But her shooting was so quick and clean cut, to me it seemed more like a profession hit then a crazy fan or stalker. That’s why this story seems to make a lot more sense to me.

Maybe I’m wrong but that’s just my :twocents:
 
http://www.mirror.co.uk/news/uk-news/jill-dando-murder-five-unanswered-7764700

Today marks the 17th anniversary of the murder of Jill Dando...

Last year, files obtained by investigative reporter Mark Williams-Thomas and the Sunday Mirror revealed a number of leads which appear to have been pushed to one side as Scotland Yard pursued its case against Barry George.

The investigation has never been officially closed but despite calls for a fresh probe it is understood little or no police time has been devoted to the case since December 2013.
 
Is this the only thread for this murder?

I have recently been watching some 'real crime' documentaries focusing on UK murders and this case is one that has kind of stuck in my consciousness. I think if I could go back in time to when it happened and be on the investigating team that this would be one of the crimes on my list.

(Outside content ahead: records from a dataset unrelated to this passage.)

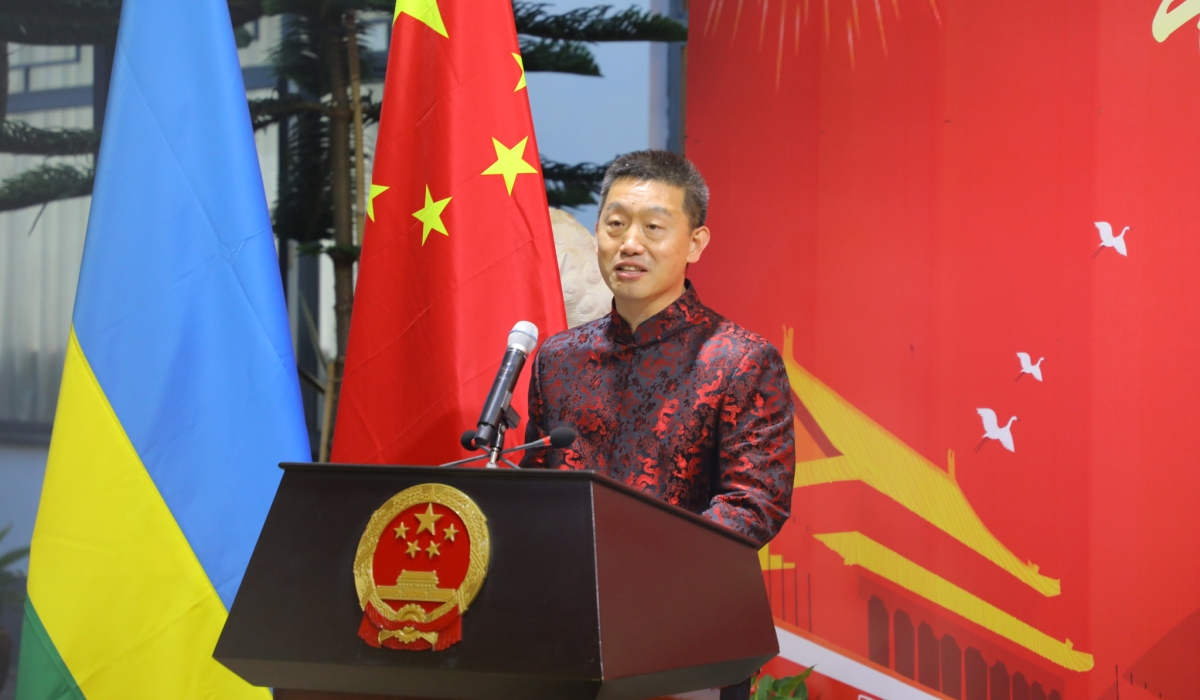 Ambassador of China to Rwanda, Wang Xuekun addresses delegates during the ceremony. Photo by Craish Bahizi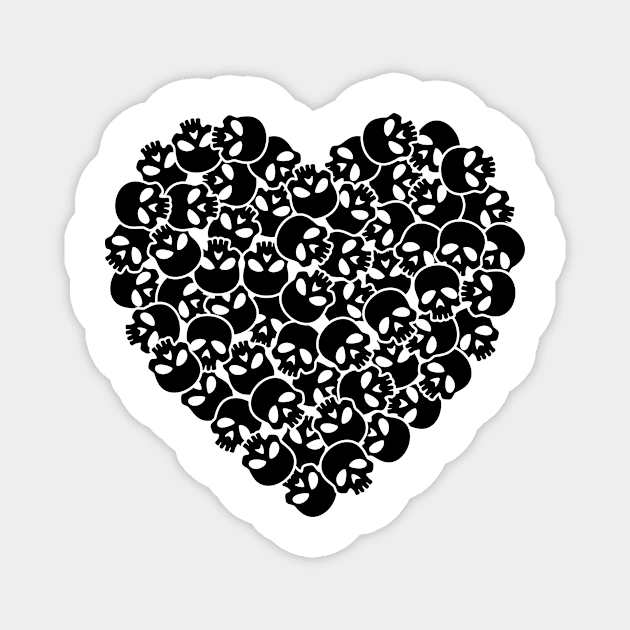 Love Heart Skulls Halloween Graphic Art Magnet by GupShup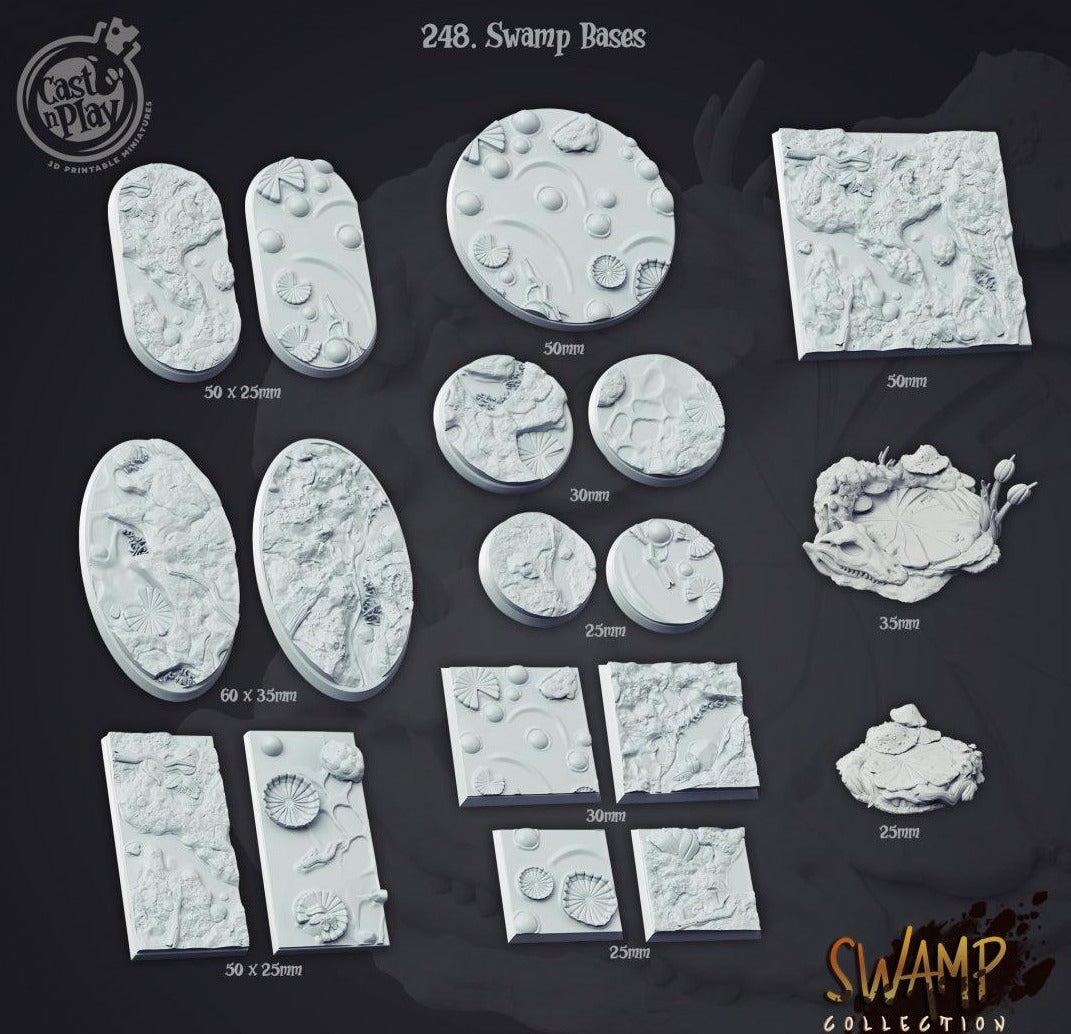 3D Printed Cast n Play Swamp Bases Set 28mm 32mm D&D (Online Only)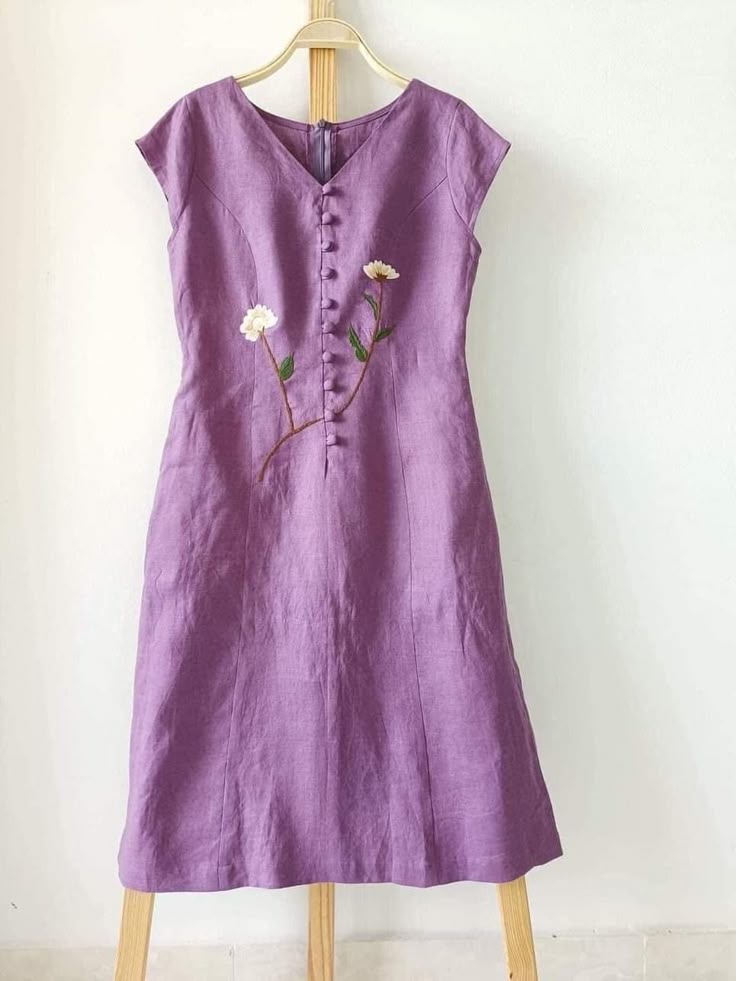 purple embroidered dress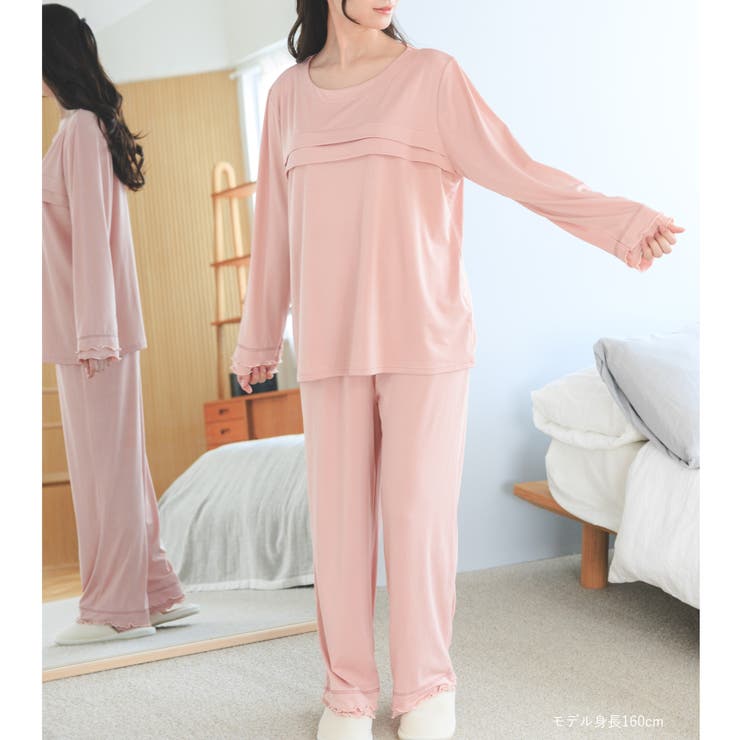 ≪tororelax とろリラ≫ 胸元タック長袖プルオーバー＆リラックスロングパ… | fran de lingerie | 詳細画像13 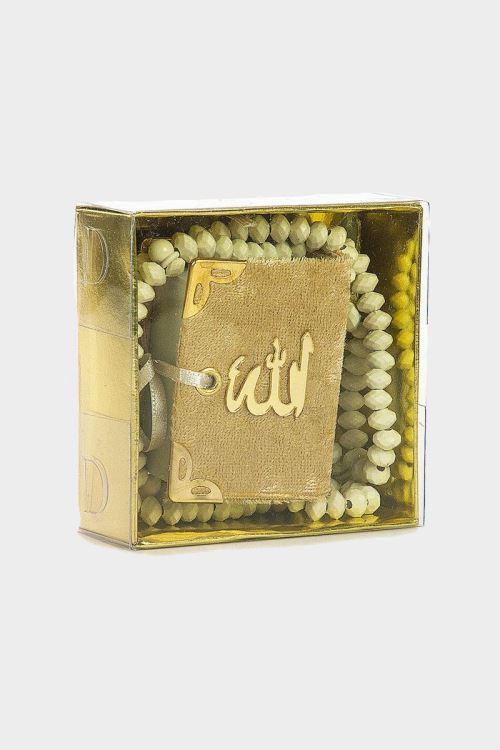 Gold Kadife Kaplı Mini Kuran Kutulu - Tesbihli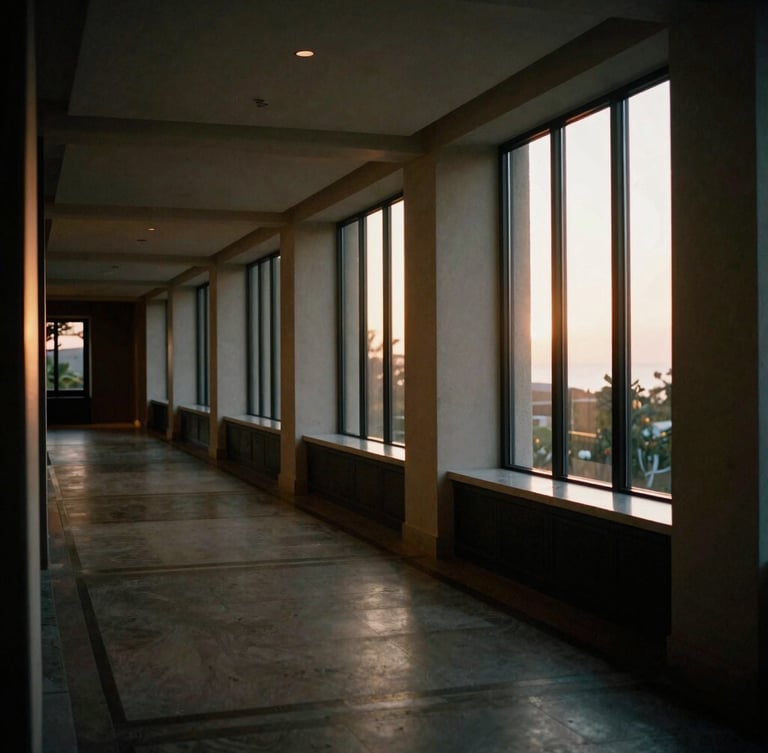 Elegant, empty hotel corridor at a luxury resort, soft golden hour light filtering from large windows, architectural lines, muted deep tones.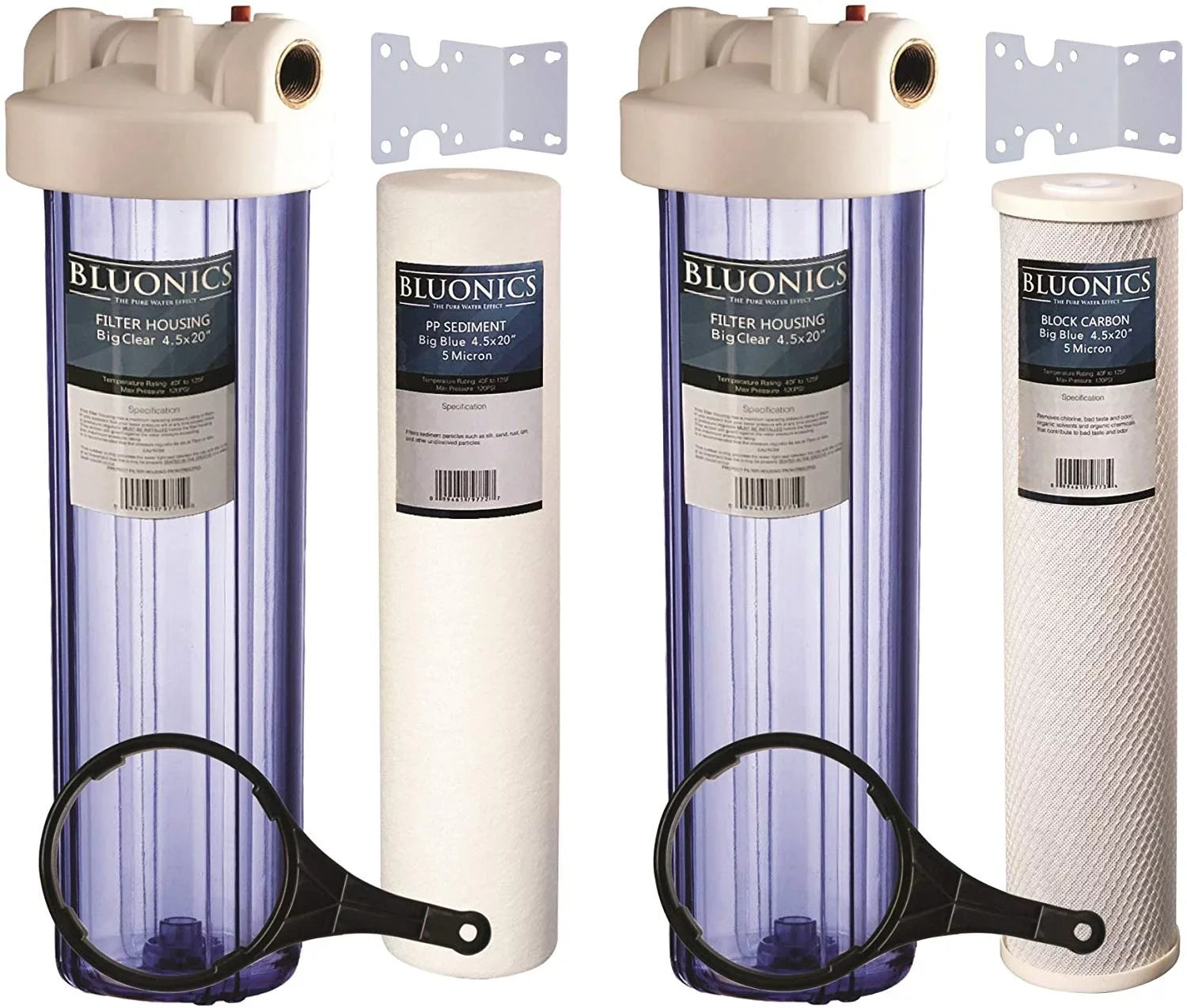 & Filters Blue Housings House Two w/Sediment Whole Clear 20" Big Carbon Transparent Water Blue with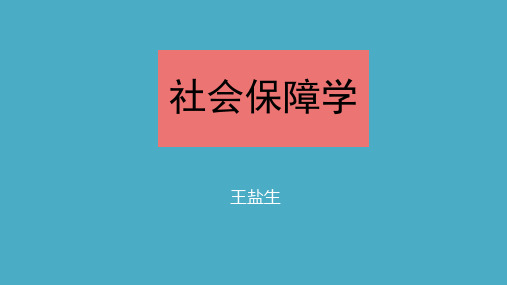 第1章 社会保障的定义、体系结构及功能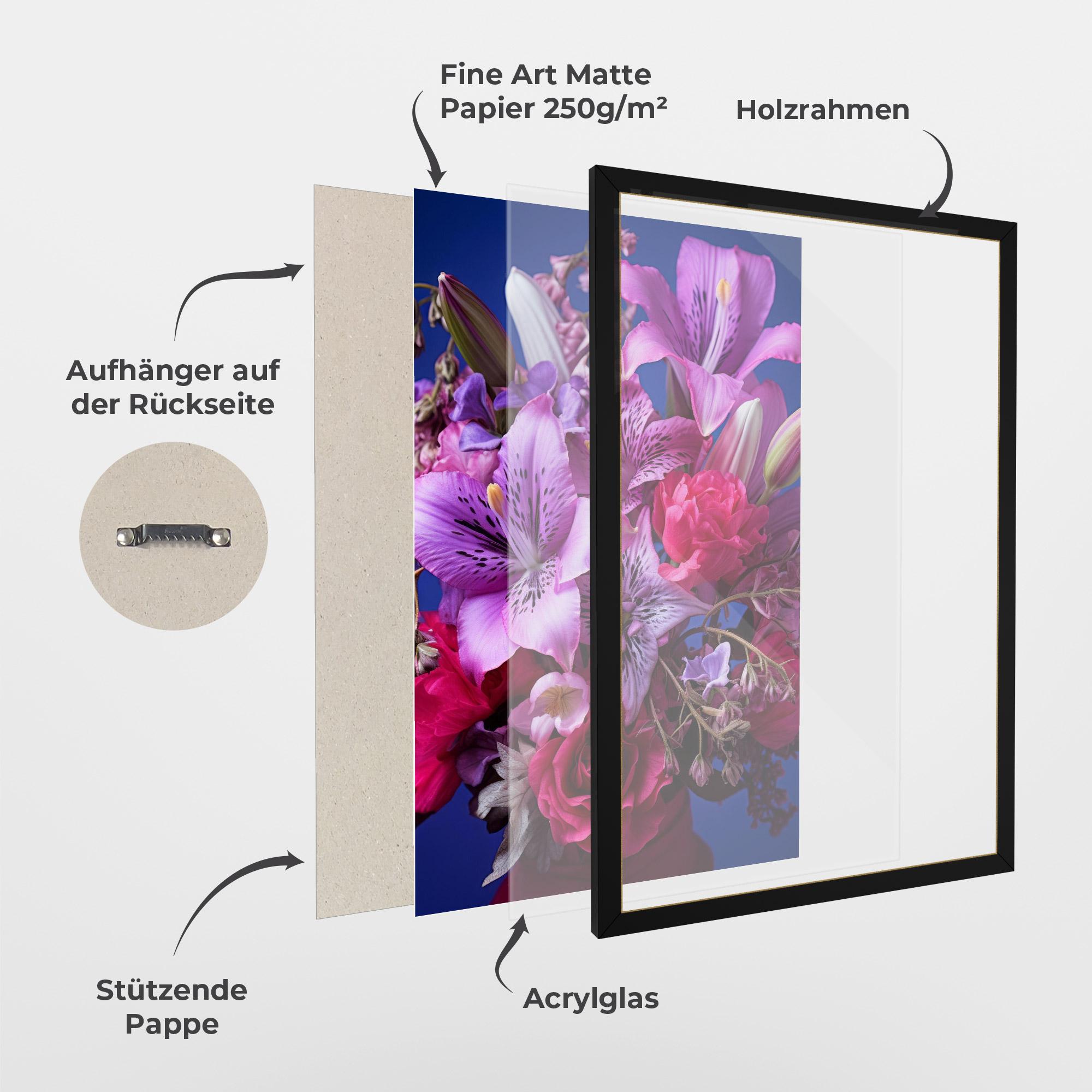 Gerahmte Poster Purple Pretty Flowers mockup 1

It definitely seems like a 'hit' or a punishment crime, not a stalker. I wonder if Jill was the intended target...who else lived in that street, who lived at the same number in the next street? I wonder about Jill's boyfriend, not that he committed the crime but punishment attacks aren't always on the person being punished or warned, sometimes they'll go for a person they love. I'd also be interested in a list of men who left the UK at that time, and any similar style murders around the globe, especially places like the US, Canada and Australia, but not limited to those countries.

Sometimes the best way to find a murderer isn't by focusing on the victim, it's by focusing on the murderer, his style and any other convictions or other attacks he (or she) may have involvement in.

Surely someone who was so cold and capable, who had access to a gun and could plan this kind of attack has been involved in other crimes, either before or after.
 
There are calls to reopen this case:

Ex-Flying Squad boss calls for a new probe into Jill Dando's murder amid claims Met Police detectives ignored 'excellent leads'


A former Scotland Yard Flying Squad boss says his former colleagues ignored 'excellent leads' into the unsolved murder of television presenter Jill Dando.

The former Crimewatch presenter was shot dead outside her flat in Fulham, West London, in 1999 and no culprit has yet been found.

It has long been suspected that the 38-year-old died at the hands of a professional assassin, but now John O'Connor has revealed that she may have been killed in a state-sponsored attack, but this theory was ignored by officers.

http://www.dailymail.co.uk/news/art...laims-Met-Police-ignored-excellent-leads.html
 
The thing that I wonder about is if it was aimed at her employer, or because of Crimewatch, then why was she the only person from the programme targeted? Why her and not anyone else associated with the programme? I don't recall there being anything about other people working for the show being targeted or threatened by anything.

Also, really, did she actually work on solving the crimes? She presented the programme yes but most of the work would be done by the police.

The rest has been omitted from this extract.